Андрей побагровел и, пряча глаза, попытался выдернуть у меня из рук стихотворение. Я отстранил его:
– И ты молчал? Очень хорошо! Столько времени скрывал от лучшего друга!.. Ай да Андрей! Красиво это? Я узнаю случайно из какого-то стихотворения, плохого к тому же… Узнаю последним!
– Почему же последним? – пробормотал Андрей, отворачиваясь. – Наоборот, ты узнаешь первым.
– А Лиза?
– Ну что ты! Она не знает ничего…
К моим обязанностям на полярной станции, таким образом, прибавилась еще одна: я стал тайным советником по любовно-поэтическим делам!
Признаюсь, меня огорчал и возмущал скудный набор эпитетов, которыми располагал мой друг.
– Вот ты пишешь – карие. Темно-карие, светло-карие… Слабо это! Бедно!.. У нее ореховые глаза! – втолковывал я Андрею. – Неужели ты так слеп, что до сих пор не заметил этого?

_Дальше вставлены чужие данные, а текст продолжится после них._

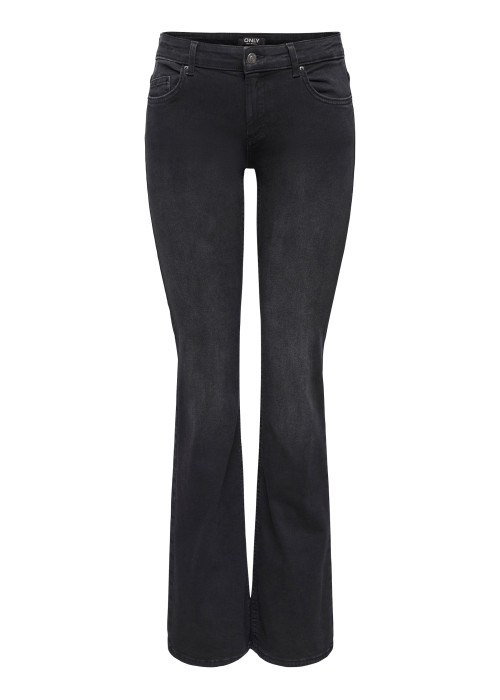Jean en coton noir uni avec une coupe bootcut...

– Ореховые? – переспрашивал Андрей с растерянным видом. – Да, да, именно ореховые!.. Спасибо тебе! Очень метко схвачено. Я вставлю это в стихи… А ее живость, ее ум? Ты обратил внимание? С чем бы мне сравнить ее ум?..
Я с сожалением поглядывал на наших многострадальных радистов. Того и гляди, начнется новая “любовь по телеграфу”…
Но до этого не дошло. Андрей робел решительного объяснения, тем более на коротких или длинных волнах в эфире…
– Тут, знаешь, надо с глазу на глаз, – пояснял он шепотом. – Осторожно! Планомерно!..
При этом он многозначительно похлопывал ладонью по своим стихотворениям. По-видимому, мой друг, все же возлагал на них какие-то надежды…
Глава седьмая
ТРИ ФЛАКОНА САБИРОВА
Но мы не застали Лизу, когда вернулись с мыса Челюскин. Лиза была на практике, на какой-то новостройке. (“И очень хорошо! Лучше подготовлюсь”, – сказал Андрей, как видно трусивший объяснения.)
Зато в Москве нас встретил целый ворох писем: из Алма-Аты и Минска, из Великого Устюга и Полтавы. Они продолжали поступать в адрес редакции центральной газеты, где осенью была помещена наша статья. Прошел уже год, но поток не иссякал.